Marketing research is research related to marketing. It is the process of investigating how best to market a product, based on:
- Media channels to use
- Type of communications to employ, such as email marketing and business blogging
- Methods of promotion
Marketing research usually includes research such as testing of advertisements through focus groups, determining how the projected pricing of the items compares with other similar products, who the main competitors are and what methods they use to market themselves.
This process should start before marketing research, because in order to effectively find out how to market a product or service the marketer first needs to know to whom you are marketing. That’s where market research comes in. It’s the identification of the target market or audience for whom the product or service is designed, and it’s a major driver of strategies.
Market research includes trends affecting the marketplace, such as political, economic and social trends. It takes account of the targeted customer’s wants and needs and identifies where the products and services should be sold and how.
Where They Overlap
The two concepts overlap in several places, however, which is what causes the challenges in explaining them:
- Competitor research.
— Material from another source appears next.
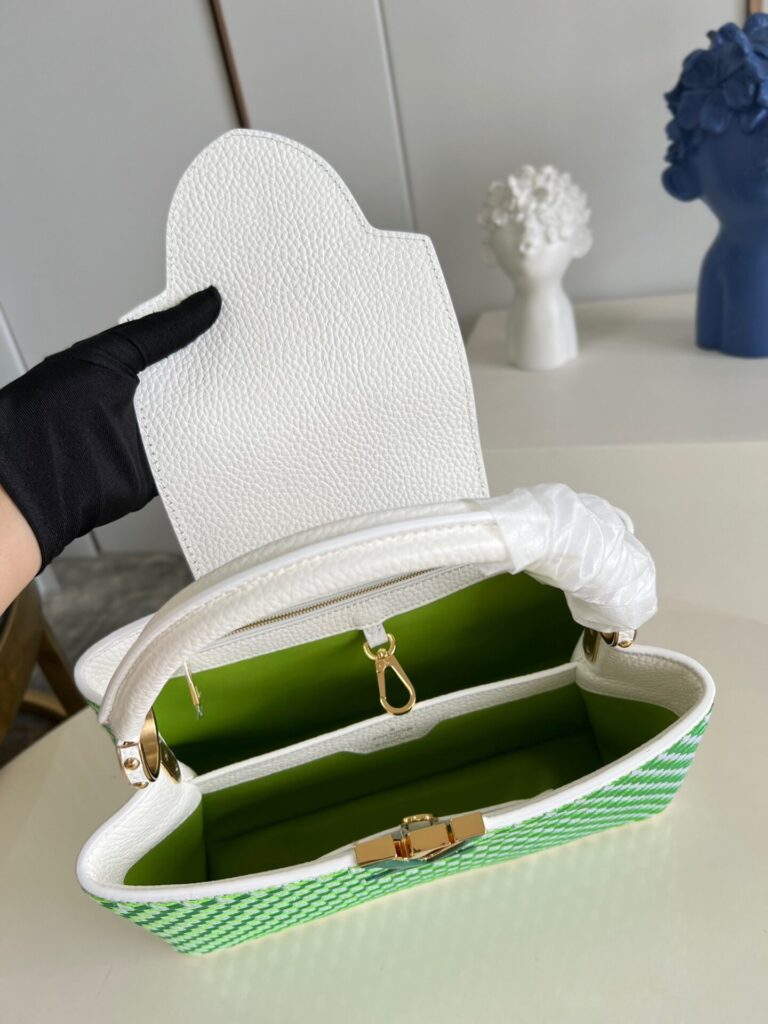 Túi Xách Siêu Cấp Louis Vuitton LV Capucines Họa Tiết Đan 27cm (2)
This aspect fits neatly into both categories, in different ways. In marketing research, competitor knowledge focuses on understanding the methods other companies in the same industry use to market their products. It includes place and promotion (two of the four Ps) more than price and product. In market research, however, competitor knowledge means understanding who the other companies sell to, and includes product and price (the other two of the four Ps).
- Pricing. OK, we mentioned pricing under the definition of marketing research, and now we’ve just said it falls under market research. Confusing, huh? It all comes down to the context. Pricing in the context of determining what price the market will bear and setting prices for the products—that’s market research. Finding out how the prices compare with those charged by competitors, however—that’s marketing research.
For the purposes of creating an inbound marketing strategy for your client, you really need to do both marketing and market research. It can simplify things if you call market research “audience research,” or it could make it even more difficult for the client.